• **SUPPLIED MATERIAL**:
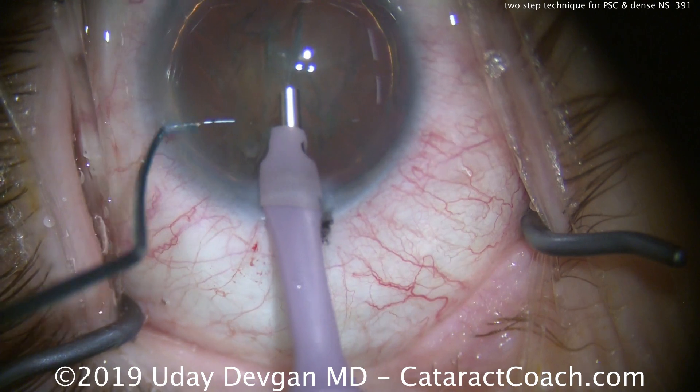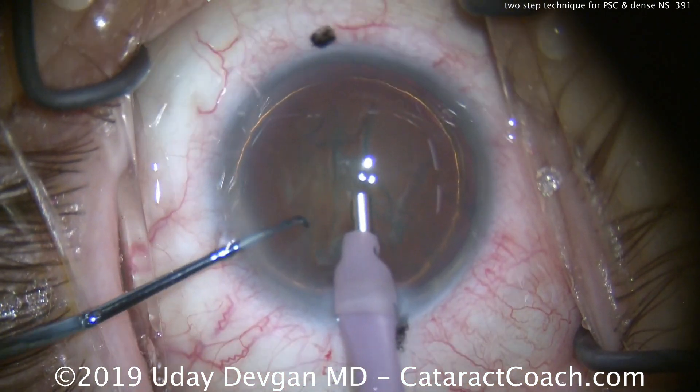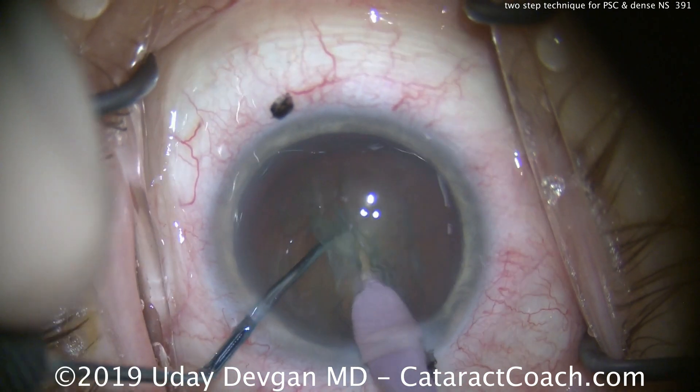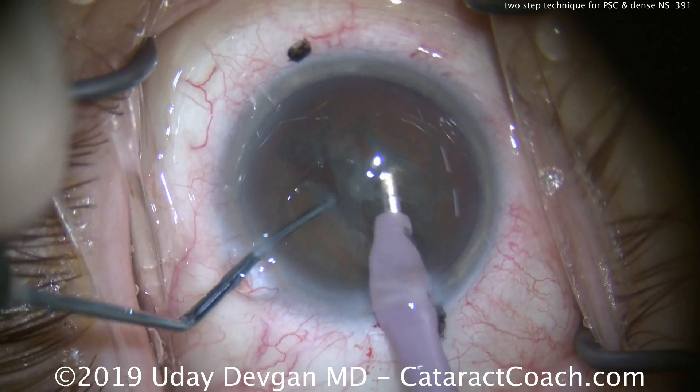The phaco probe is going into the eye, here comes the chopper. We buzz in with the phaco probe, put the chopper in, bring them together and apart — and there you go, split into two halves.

---

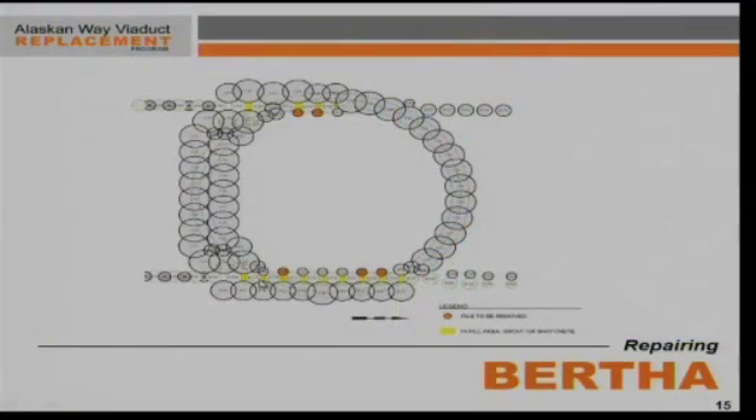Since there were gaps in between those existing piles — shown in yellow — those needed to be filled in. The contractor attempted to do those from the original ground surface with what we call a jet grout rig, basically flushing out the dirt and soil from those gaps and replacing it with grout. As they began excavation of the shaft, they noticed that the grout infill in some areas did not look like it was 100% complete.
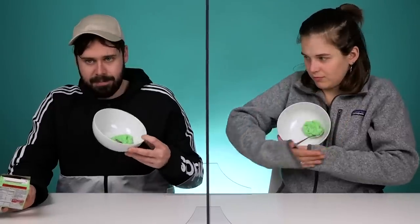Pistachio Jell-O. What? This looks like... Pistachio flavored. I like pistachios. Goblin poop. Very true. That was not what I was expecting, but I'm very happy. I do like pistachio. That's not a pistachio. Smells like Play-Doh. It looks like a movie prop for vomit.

---

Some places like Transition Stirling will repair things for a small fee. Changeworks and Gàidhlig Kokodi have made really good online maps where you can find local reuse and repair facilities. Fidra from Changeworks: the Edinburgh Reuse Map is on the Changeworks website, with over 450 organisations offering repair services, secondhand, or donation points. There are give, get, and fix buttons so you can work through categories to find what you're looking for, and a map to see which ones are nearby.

• **WHAT YOU ARE ASKED TO DO**: What you write must match the listing exactly, from the line with "Since there were" up to and including the line with "Pistachio Jell-O. What?". Pictures stay out.

• **EXERCISE RESPONSE**:
Since there were gaps in between those existing piles — shown in yellow — those needed to be filled in. The contractor attempted to do those from the original ground surface with what we call a jet grout rig, basically flushing out the dirt and soil from those gaps and replacing it with grout. As they began excavation of the shaft, they noticed that the grout infill in some areas did not look like it was 100% complete.
Pistachio Jell-O. What? This looks like... Pistachio flavored. I like pistachios. Goblin poop. Very true. That was not what I was expecting, but I'm very happy. I do like pistachio. That's not a pistachio. Smells like Play-Doh. It looks like a movie prop for vomit.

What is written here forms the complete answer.